The visit, officials said, is in keeping with the additional protocol signed
by Iran to the nuclear Nonproliferation Treaty (NPT) in 2003, providing "objective
guarantee" that its nuclear program will not deviate from civilian use.
President Mahmoud Ahmadinejad said, during a rare press conference in the capital
on Saturday, that Iran's program conformed to the IAEA requirements and the
NPT better than those of Western countries. "Cameras, installed by IAEA,
are present at all Iranian nuclear sites, although the Western countries do
not allow the UN to monitor their own nuclear programs."
On Friday, Ayatollah Jannati, secretary of the Guardian Council of the Constitution,
set out Iran's determination to assert its "inalienable" rights. "We
appreciate President Ahmadinejad because he is following a more aggressive foreign
policy on human rights and nuclear issues than the former governments of Khatami
"President Ahmadinejad is asking "why only you [Western powers] should
send inspectors for human rights or nuclear issues to Iran we also want
to inspect you and report on your activities," Jannati said, after Friday
Ahmad Ziadabadi , who was imprisoned during the Khatami presidency and now
works as a political analyst on Middle East affairs in London, told IPS over
the phone: "Iranian officials will likely go on provoking a collision with
the United States and the European troika ( Britain, France and Germany) until
the dossier ends up in United Nations Security Council [UNSC]."

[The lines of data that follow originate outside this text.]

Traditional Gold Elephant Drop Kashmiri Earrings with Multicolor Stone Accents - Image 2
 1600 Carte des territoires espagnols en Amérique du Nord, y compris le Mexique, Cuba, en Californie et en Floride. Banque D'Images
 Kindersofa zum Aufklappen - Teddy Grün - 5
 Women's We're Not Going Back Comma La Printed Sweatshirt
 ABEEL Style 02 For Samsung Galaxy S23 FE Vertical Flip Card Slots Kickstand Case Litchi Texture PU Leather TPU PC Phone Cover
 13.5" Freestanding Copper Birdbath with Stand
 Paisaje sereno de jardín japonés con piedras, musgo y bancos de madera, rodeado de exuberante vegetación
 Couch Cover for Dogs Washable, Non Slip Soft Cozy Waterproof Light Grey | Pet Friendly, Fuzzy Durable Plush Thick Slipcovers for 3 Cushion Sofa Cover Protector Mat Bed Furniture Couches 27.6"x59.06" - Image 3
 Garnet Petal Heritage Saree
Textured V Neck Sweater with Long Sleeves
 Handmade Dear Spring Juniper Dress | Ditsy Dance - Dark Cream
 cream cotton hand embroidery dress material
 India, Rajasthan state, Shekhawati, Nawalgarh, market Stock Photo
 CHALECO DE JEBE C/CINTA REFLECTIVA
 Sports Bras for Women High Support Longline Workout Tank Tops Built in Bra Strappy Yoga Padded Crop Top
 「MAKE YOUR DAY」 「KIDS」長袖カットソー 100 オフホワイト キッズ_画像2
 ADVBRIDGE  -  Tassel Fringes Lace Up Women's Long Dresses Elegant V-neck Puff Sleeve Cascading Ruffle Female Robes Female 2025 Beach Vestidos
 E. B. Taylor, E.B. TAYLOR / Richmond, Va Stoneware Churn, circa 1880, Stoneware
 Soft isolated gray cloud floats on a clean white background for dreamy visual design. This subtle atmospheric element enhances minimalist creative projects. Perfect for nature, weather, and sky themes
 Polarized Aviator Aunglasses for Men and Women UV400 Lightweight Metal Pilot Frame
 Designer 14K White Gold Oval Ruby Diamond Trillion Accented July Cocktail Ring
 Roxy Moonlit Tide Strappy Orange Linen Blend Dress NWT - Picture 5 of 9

Despite moves by the EU3 to refer Iran's resumption of nuclear fuel research
to the UNSC, the mood within the country's top leadership remains upbeat, and
the general belief was that it would be possible to ride out international sanctions
if it comes to that.
"Taking into account the current context, the possibility of Iran's case
being sent to the security council is weak," Iran's Foreign Minister Manouchehr
Mottaki said on Wednesday.
A draft referral is expected to be put up at an emergency meeting of the IAEA's
35-nation board early February for a final decision on a referral.
"We are not worried by the Security Council, but it is the wrong method,"
foreign ministry spokesman Hamid Reza Asefi told reporters here at a routine
Sunday briefing. "An emergency meeting of the board of governors of the IAEA
is a political act."
Importantly, the veto-holding powers China and Russia, which have major economic
stakes in Iran, have opposed imposing sanctions on Iran which is one
reason for the optimistic outlook among the country's top leadership.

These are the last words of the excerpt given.